Homily for the Feast of Blessed Teresa of Calcutta

05 Sep 2015

Introduction for the Feast of Blessed Teresa of Calcutta
St Peter’s Church, Surry Hills, 5 September 2015

It’s my great pleasure to celebrate with you the feast of Blessed Teresa of Calcutta for my first time as the Archbishop of Sydney – though I have joined you in the past under other titles! I thank the Missionaries of Charity for their invitation and acknowledge the presence of their regional superior Sr Mary Lucy MC, Fr Bill Milstead the Parish Priest, other concelebrating clergy, and all parishioners, friends, co-workers, volunteers and benefactors of the Missionaries of Charity. To you all: a very happy feast day!

 

Homily for the Feast of Blessed Teresa of Calcutta
St Peter’s Church, Surry Hills, 5 September 2015

Ours is the age of the do-it-yourself wedding contract. It began with the 1960s sexual revolution fuelled by the Pill which meant the exclusivity and for-childrenness of marriage and marital acts became elective in many people’s minds.
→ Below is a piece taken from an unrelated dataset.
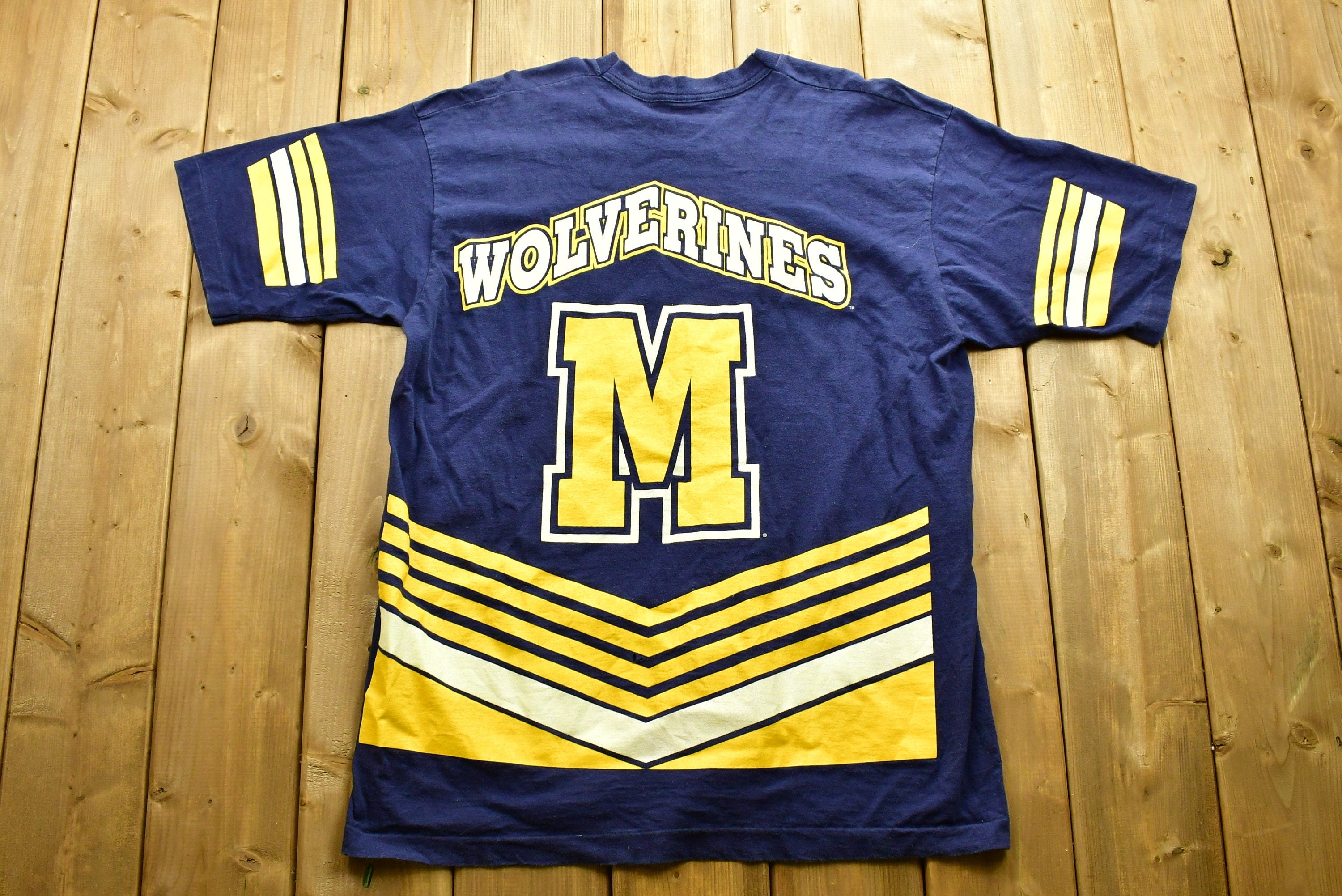 Vintage 1990s University of Michigan State Wolverines Collegiate T-Shirt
The 1970s advent of no fault divorce meant the for-lifeness of marriage also became an optional extra. In the ’80s private ‘de facto marriage’ meant the for-societyness of marriage became discretionary and the 1990s push for out-of-church weddings meant the for-Godness was also. Most recently, under the slick slogan of ‘marriage equality’, the for-man-and-wifeness has also been challenged; and next, on the near horizon, the for-two-people-onlyness will likely go.
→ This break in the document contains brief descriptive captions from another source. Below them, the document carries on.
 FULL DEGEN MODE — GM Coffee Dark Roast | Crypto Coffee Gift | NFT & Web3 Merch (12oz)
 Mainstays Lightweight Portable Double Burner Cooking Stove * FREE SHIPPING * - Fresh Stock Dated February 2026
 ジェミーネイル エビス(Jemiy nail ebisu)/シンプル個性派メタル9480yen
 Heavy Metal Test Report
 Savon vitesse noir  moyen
A culture that rejects the authority of faith and reason, nature and custom, church and even state, tells us there’s no such thing as absolute truth, only my truth and your truth. It’s up to each couple to negotiate what they want from marriage, revise it along the way or dissolve it once their conceptions diverge. Some canonists now suggest that most Western marriages today are annullable, because those entering them have no idea what they are committing to. Sometimes the DIY wedding reduces to schmaltz: I had a bride-to-be tell me she wanted to promise her groom “I will make you happy every day of your life” – to which I responded she would be promising the impossible. At other times weddings are reduced to triviality. One current fashion is to write promises that will entertain your guests. A website suggests: “I promise to love you as much as my credit card and not hold your poor fashion sense against you”, “From this day forward, I promise to declaw my cat Fluffy so that you are not scratched” and “I promise to love and cherish you as much as I do our dog, Spot”.[1] Such examples raise the question: do people know what they are doing when they make a solemn vow?
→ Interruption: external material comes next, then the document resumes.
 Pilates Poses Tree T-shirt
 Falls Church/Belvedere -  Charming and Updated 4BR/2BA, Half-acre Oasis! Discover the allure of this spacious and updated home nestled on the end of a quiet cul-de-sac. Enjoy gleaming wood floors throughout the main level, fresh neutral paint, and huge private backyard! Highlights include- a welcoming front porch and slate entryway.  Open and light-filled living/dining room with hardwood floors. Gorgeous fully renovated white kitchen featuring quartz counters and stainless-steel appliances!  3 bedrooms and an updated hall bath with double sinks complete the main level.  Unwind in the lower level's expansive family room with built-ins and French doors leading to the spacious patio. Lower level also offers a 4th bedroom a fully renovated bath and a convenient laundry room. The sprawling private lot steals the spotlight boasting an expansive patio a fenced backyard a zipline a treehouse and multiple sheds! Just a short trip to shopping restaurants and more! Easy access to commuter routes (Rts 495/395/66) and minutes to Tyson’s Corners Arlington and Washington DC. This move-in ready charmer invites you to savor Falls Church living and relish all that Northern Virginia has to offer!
Needless to say, the spirit of the age manifested in DIY wedding vows is contrary to Catholic faith. Our teachings, rites and laws insist that the ‘man and wife’ bit, the ‘to have and to hold’ bit that often leads to babies, the ‘in good times and bad’ bit that demands fidelity, the ’till death do us part’ bit that means permanence and the ‘let no man divide’ bit that means indissolubility, are all essential. That doesn’t mean that every wedding ceremony is the same, that every couple are the same, or that every culture in which weddings are celebrated are the same: but it does mean that if it is really marriage you want to vow, especially Catholic marriage, there are certain essentials.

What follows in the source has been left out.